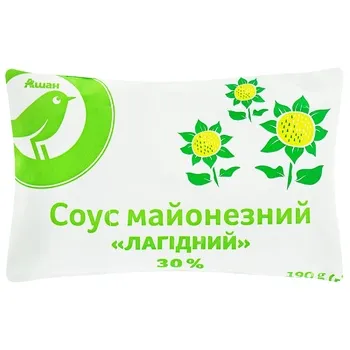 Соус майонезний Auchan Лагідний 30% 190г - Photo 1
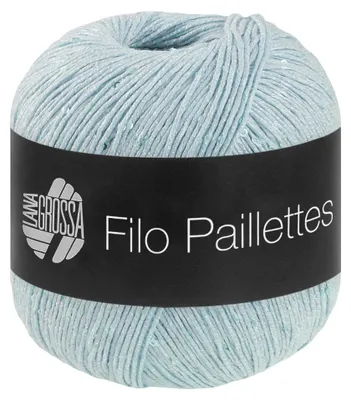 Produktbild von Lana Grossa - Filo Paillettes 0009 eisblau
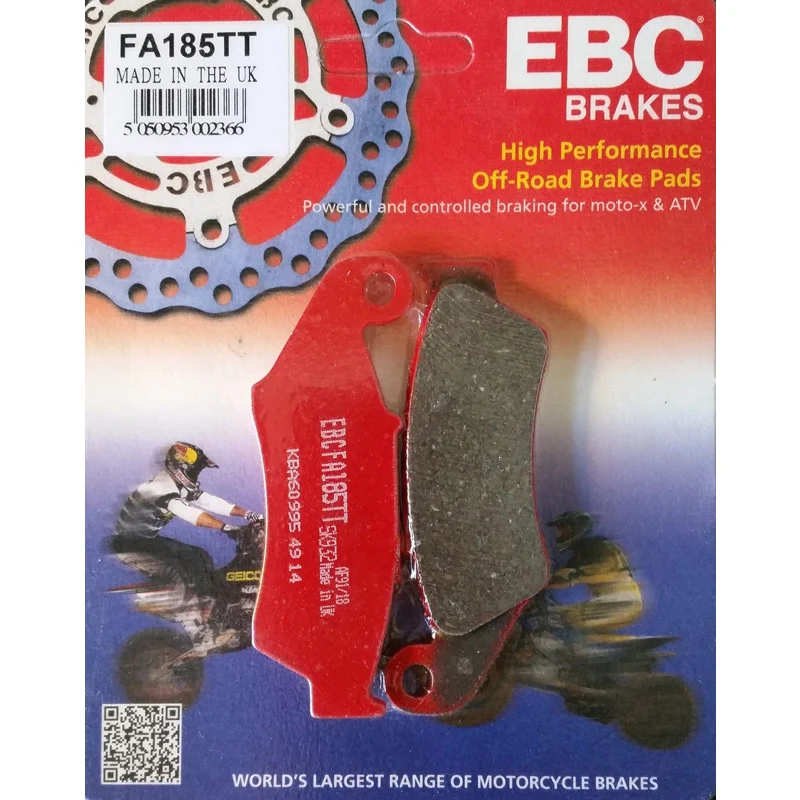 Pastilhas Travão Frente EBC FA185TT KAWASAKI KLX 450R 07-24, KLX 650 93-03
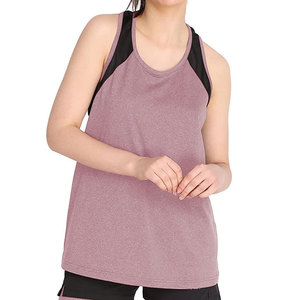 เสื้อกล้ามผู้หญิงแบบสวมใส่สบาย ระบายอากาศได้ดี โลโก้ด้านหน้า เป็นมิตรกับสิ่งแวดล้อม แห้งเร็ว น้ำหนักเบา เหมาะสำหรับออกกำลังกาย ขายส่ง ยอดขายดีที่สุด (รับผลิตแบรนด์ส่วนตัว) - Product Image 2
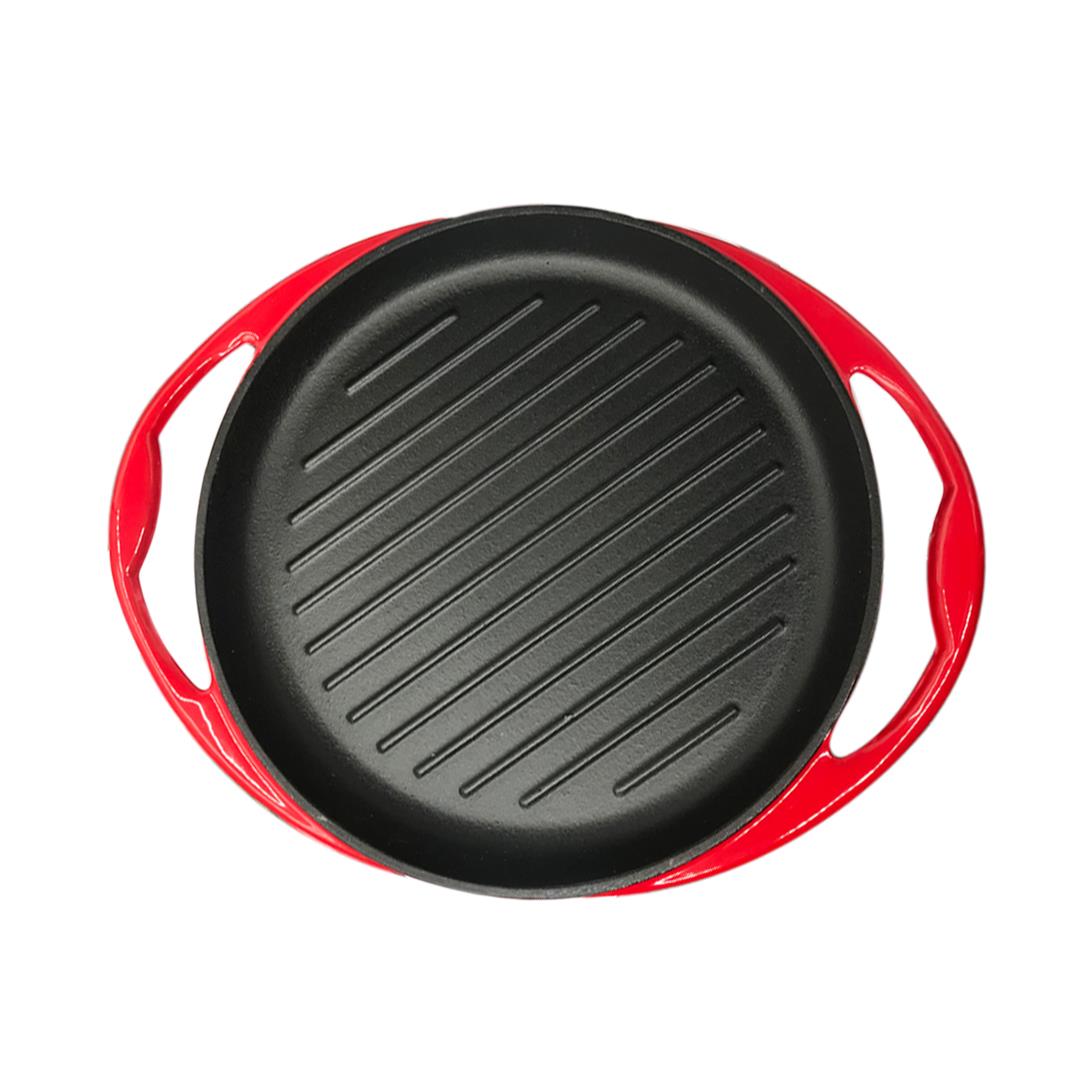 Red Grilling Pan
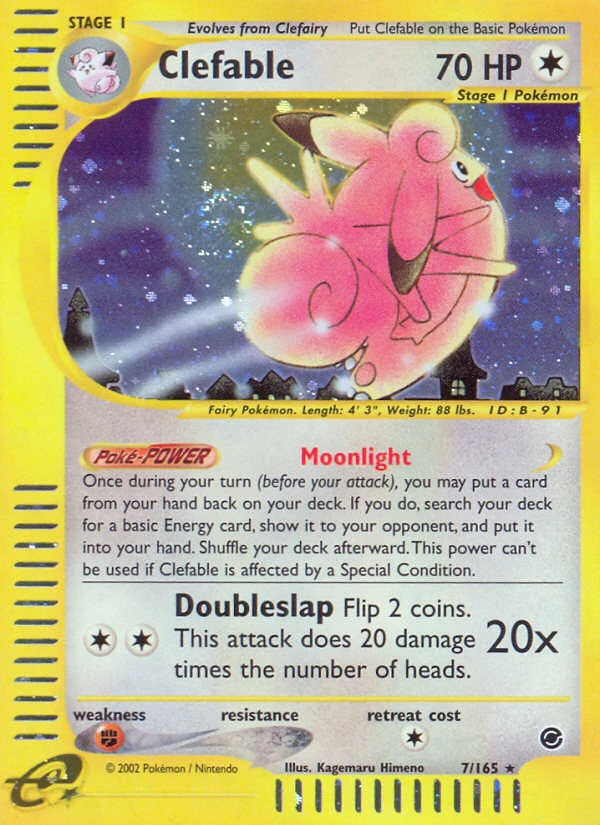 Clefable, 007/165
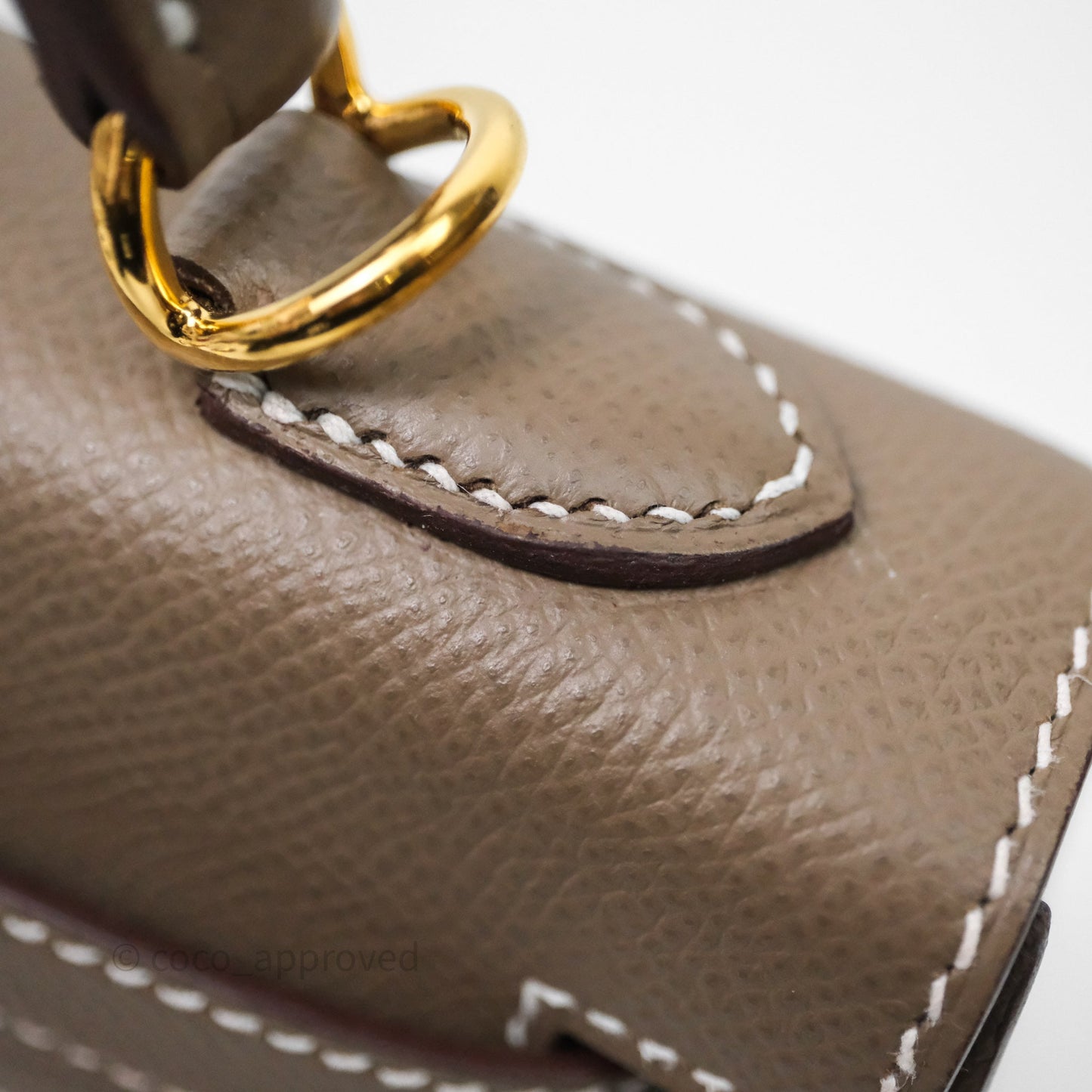 Hermes Kelly 25 Etoupe 18 Epsom Gold Hardware
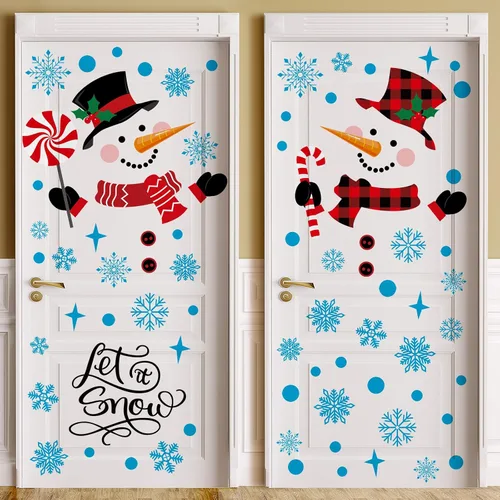 Vista 12 de Kajaia 4 piezas Adhesivos de puerta de Pascua felices Adhesivos de refrigerador Huevo de Pascua Flor de Pascua Conejo de Pascua Adhesivos de pared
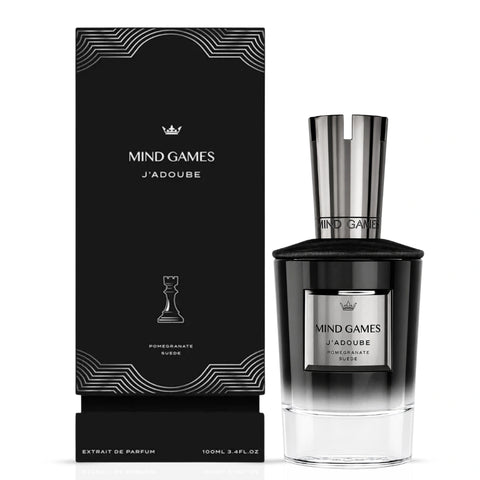 J’adoube Extrait de Parfum by Mind Games, 100ml EDP bottle with elegant packaging and fragrance details.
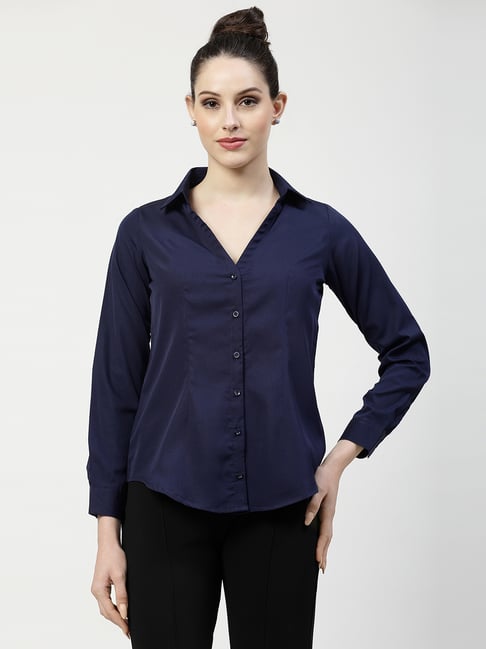 Buy Office You Blue Top for Women's Online Tata CLiQ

***

■ Required action
Produce the lines from the first line of the entries through the line that contains "เสื้อกล้ามผู้หญิงแบบสวมใส่สบาย ระบายอากาศได้ดี โลโก้ด้านหน้า", exactly, leaving the pictures behind.

■ Response to this exercise
 Соус майонезний Auchan Лагідний 30% 190г - Photo 1
 Produktbild von Lana Grossa - Filo Paillettes 0009 eisblau
 Pastilhas Travão Frente EBC FA185TT KAWASAKI KLX 450R 07-24, KLX 650 93-03
 เสื้อกล้ามผู้หญิงแบบสวมใส่สบาย ระบายอากาศได้ดี โลโก้ด้านหน้า เป็นมิตรกับสิ่งแวดล้อม แห้งเร็ว น้ำหนักเบา เหมาะสำหรับออกกำลังกาย ขายส่ง ยอดขายดีที่สุด (รับผลิตแบรนด์ส่วนตัว) - Product Image 2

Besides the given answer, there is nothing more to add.